When ChatGPT emerged in late 2022, the potential seemed limitless, but few consumers knew how exactly to leverage the new AI tool in their day-to-day lives. Businesses responded much the same way at first to Large Langauge Models (LLMs), such as ChatGPT, for creating images from text: these seemed like an obviously powerful solution-set, but one that was perhaps in search of a specific problem to solve.
In the 18 months since, however, businesses from Google to Adobe to Duolingo have been steadily building both LLMs and text-to-image tools into their flagship products, making their usefulness no longer seem so remote. In this blog post we will explore the emerging implications of generative AI technology for the video surveillance industry, including the most promising use cases and some recent developments in the underlying technology.
Use Case #1: Synthetic Image Data Creation:
Synthetic data, algorithmically generated to approximate real data, is a potentially valuable resource for training AI models in environments where real data is unavailable, insufficient, or too sensitive to use. For video surveillance use cases, image-generation technology could offer a way to create vast amounts of training data without encountering the ethical and privacy concerns inherent in using real-world data. Also, synthetic image data allows for the creation of varied scenarios that might be rare or difficult to capture in real life, but are essential for comprehensive AI training, ensuring systems are well-trained for anything they might encounter.

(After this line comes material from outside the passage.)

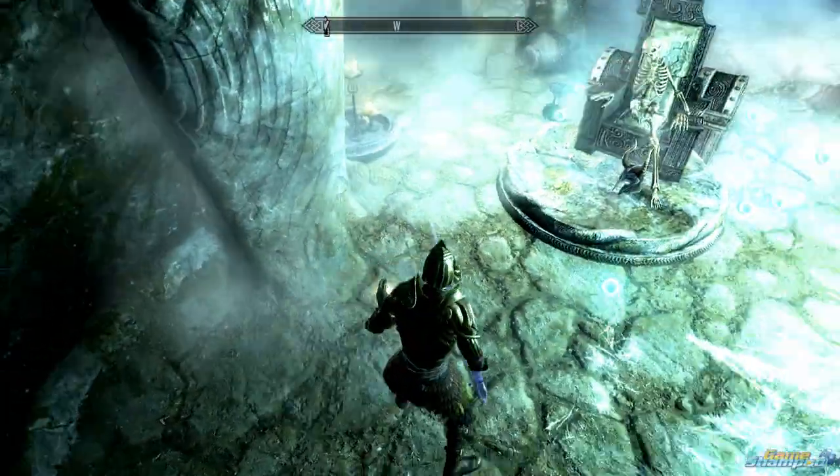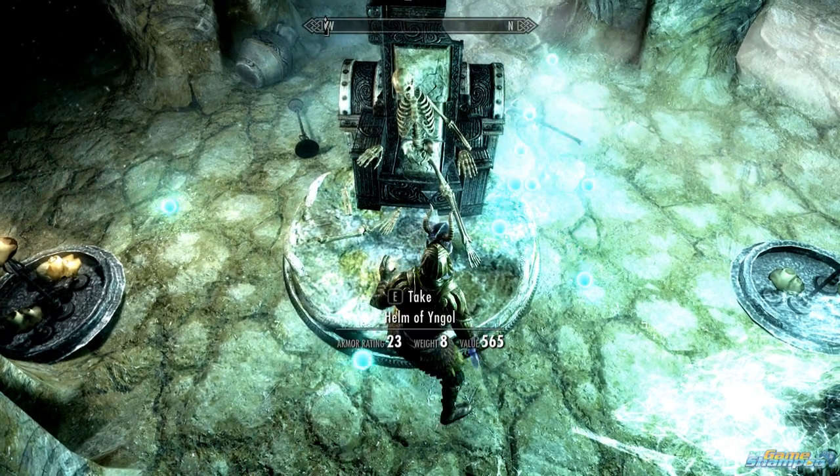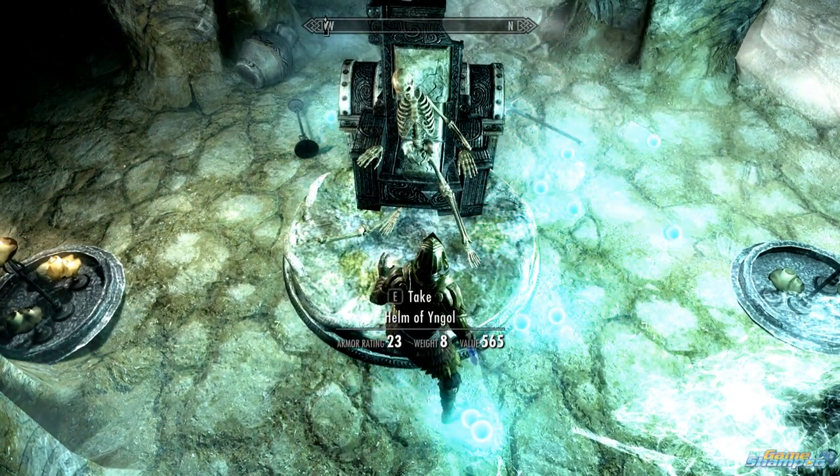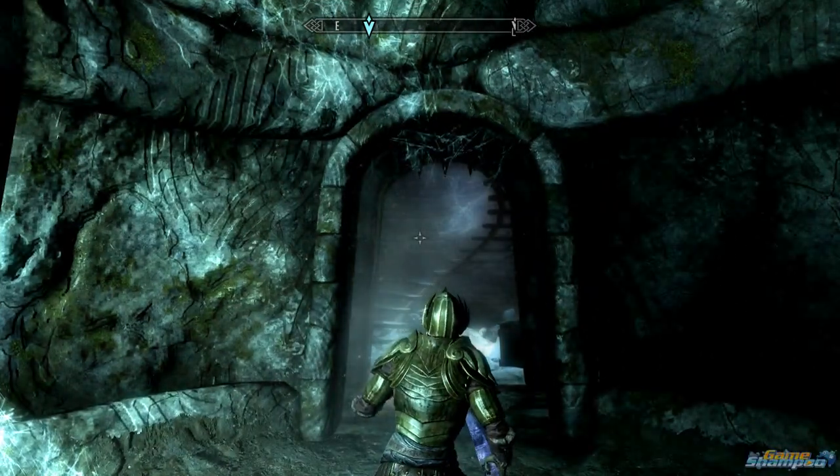So, to open it, simply after defeating the ghost that attacks you, simply take the Helm of Yngol. And now the door is open.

This is especially crucial when a surveillance system needs to learn from unusual cases or rare events—such as unusual methods of theft or specific types of intrusions that wouldn’t be a common occurrence in off-the-shelf datasets.

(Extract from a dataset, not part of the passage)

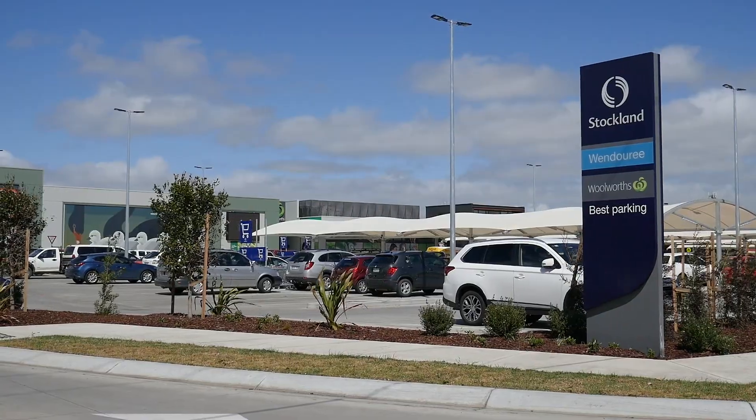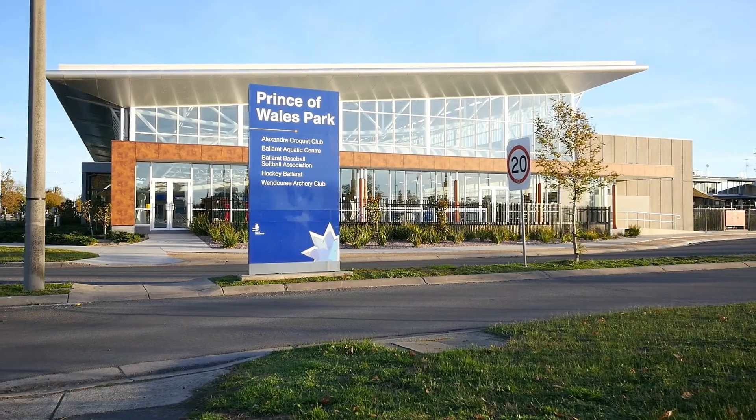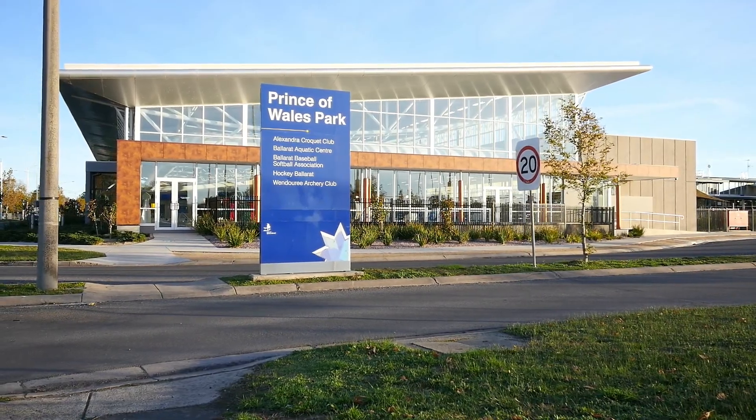Don't forget Stockland, Lake Wendaree and all the sporting and entertainment facilities only a short distance away.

Use case #2: Improved Natural Language Interaction:
Another application of generative AI involves the way users interact with and gain insights from their video systems. One side benefit of rapidly improving text-to-image prompting technology is that it opens the door for security professionals to query their video monitoring installations using natural language prompts instead of through icons or other traditional UI elements. For instance, if a store manager suspects that a theft occurred sometime last week, but isn’t sure of the exact day — instead of manually searching through hours of video, or clicking on a series of icons and entering various parameters, they could ask the system: “Show me instances of suspected theft near the electronics aisle between 3 PM and 5 PM last week.” The AI, understanding the query, sifts through the data to present relevant footage, saving time and making the process far more efficient. Much less training would be necessary and fewer errors would be made with natural language as the primary interface for the system.
Use case #3: Heightened Accuracy and Scene Detection:
Generative AI, with newly emerging technologies described below, can also improve the accuracy of video surveillance analytics by reducing false positives through better understanding of image context. In retail, AI-enhanced video analytics can reduce false positives in theft detection by more accurately distinguishing between suspicious behavior and normal customer interactions. For example, differentiating between a customer picking up an item for closer inspection and one attempting to conceal the item for theft becomes more manageable.
The newest technology — Vision Transformers:
For analyzing images and video, most commercial AI technology today leverages Convolutional Neural Networks, or CNNs. The Generative AI era, on the other hand, has introduced Vision Transformers (ViTs), a new image-to-text technique inspired by language-only LLMs such as ChatGPT.
To understand why ViTs stand to do better at video analysis tasks than CNNs, consider a crowded city park scene where we want to identify and track every person’s movement over time. A traditional CNN might focus on local patterns, such as recognizing parts of people (for example, heads or shoulders), but might struggle to keep track of each person among many others, especially as they move behind trees or other people.
A Vision Transformer, however, treats the scene as a big puzzle, looking at all parts of the image at once. It’s better at understanding that the person who walked behind a tree is the same one who comes out the other side, even if partially obscured for a moment. This global view makes ViTs especially good at tracking movements in busy or complicated scenes, improving how we monitor and analyze movements in public spaces for safety and security.
Beyond Vision Transformers: what’s next?
Vision Transformers are revolutionizing how we process still images by treating them like interconnected puzzles, but the ever-evolving field of video analytics demands even more contextual understanding across timestamps. Recognizing the dynamic nature of video, researchers have begun developing innovations that extend beyond static images to understand the flow and narrative of scenes over time. These advancements consider how objects and people move, interact, and change from one frame to the next, providing a deeper understanding of video content. This evolution from static to dynamic analysis is crucial for video surveillance, as it will enhance our ability to interpret complex activities and behaviors as the technology matures.
Conclusion:
As we stand on the brink of these exciting technological advancements, it’s clear that the integration of Vision Transformers and new innovations tailored for dynamic video analysis into video analytics products is imminent. In the coming months, we can anticipate these developments to significantly enhance the capabilities of video surveillance systems. The implications of these advancements are profound: by enabling more accurate identification of activities, behaviors, and trends, they will greatly influence the effectiveness and success of video security installations.
Donald Lyman, President, Peregrine Security, Inc.